When Good Suggestions Feel Bad: That’s Useful Mind-Body Feedback
While there are a lot of ways of using self-hypnosis, the simplest is to use direct suggestion, with a list of positive suggestions that you repeat to yourself over and over during the session. The rules are pretty simple:
- Say it the way you want it: “I’m a valuable human being,” not “I’m not worthless.”
- Put it in the present or present progressive tense, since the unconscious mind may choose to procrastinate forever if you use the future tense. “I am a nonsmoker,” not “I will be a nonsmoker.”
- Specify the desired outcome, and leave the method of achieving it completely unspecified: “I am confident,” not “I get confidence from my lucky rabbit’s foot.”
- When in doubt, use general suggestions: “Every day in every way, I’m getting better and better” is traditional. I’m also rather fond of the childlike, “I am good. I am great. I love me.”
- Repeat them many, many times, exactly as written.

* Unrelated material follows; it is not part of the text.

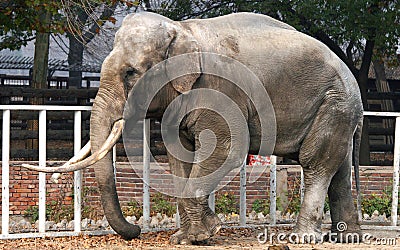 Asian elephant Stock Photo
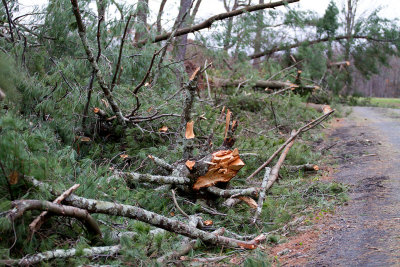 CR2_6141 Trees down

One advantage of hypnosis is that it allows you to tolerate and even enjoy verbatim repetition. Sometimes you’ll feel like each repetition is opening another door.
You can write them on a card and open your eyes if you want: self-hypnosis works fine if you open your eyes for this purpose.
Anyway, if you’re like me, suggestions like “I am good. I am great. I love me” will initially spark some internal resistance, which you will feel in some way, somewhere in your body, or through some kind of internal dialog or imagery. This is good!